**Work order**.
Your task is to return, word for word, only the lines from the line with "تصدير أول شحنة" through the close of the data. Exclude all pictures.

**Information supplied**.
---------------

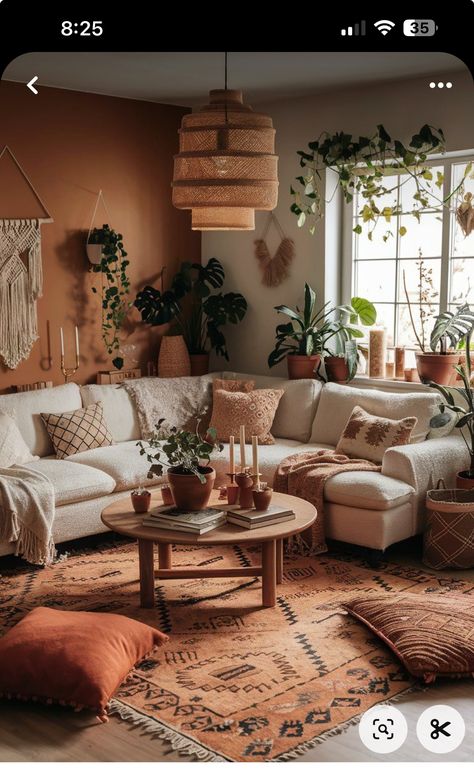 Boho Living Room Leather Couch, Beige Boho Living Room, Colourful Boho Living Room, Boho Neutral Living Room, Boho Vibes Aesthetic, Afrocentric Living Room, Boho Chic Living Room Ideas, Coffee Table Decor Boho, Cozy Living Room Apartment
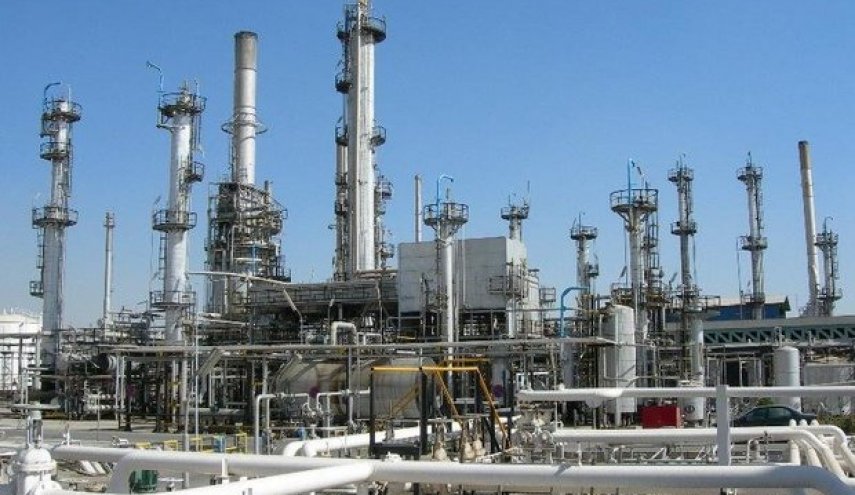 تصدير أول شحنة من المنتجات النفطية من مصفاة قشم جنوب ايران
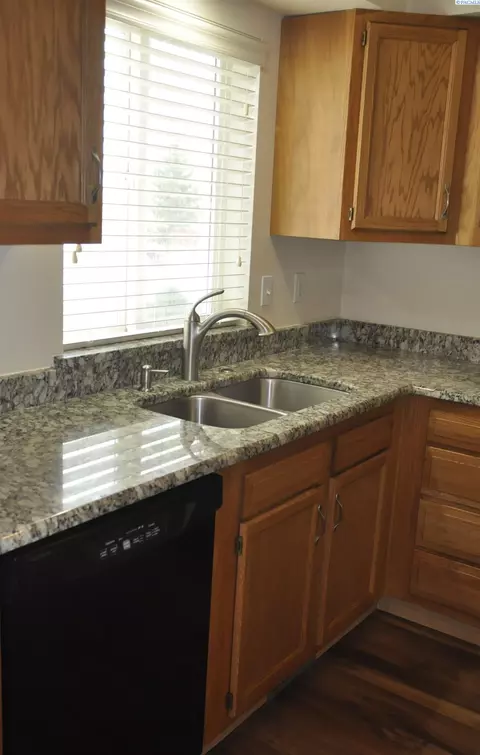 409 NW Terreview Dr, Pullman, WA 99163 photo 5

---------------

**Finished exercise**.
 تصدير أول شحنة من المنتجات النفطية من مصفاة قشم جنوب ايران
 409 NW Terreview Dr, Pullman, WA 99163 photo 5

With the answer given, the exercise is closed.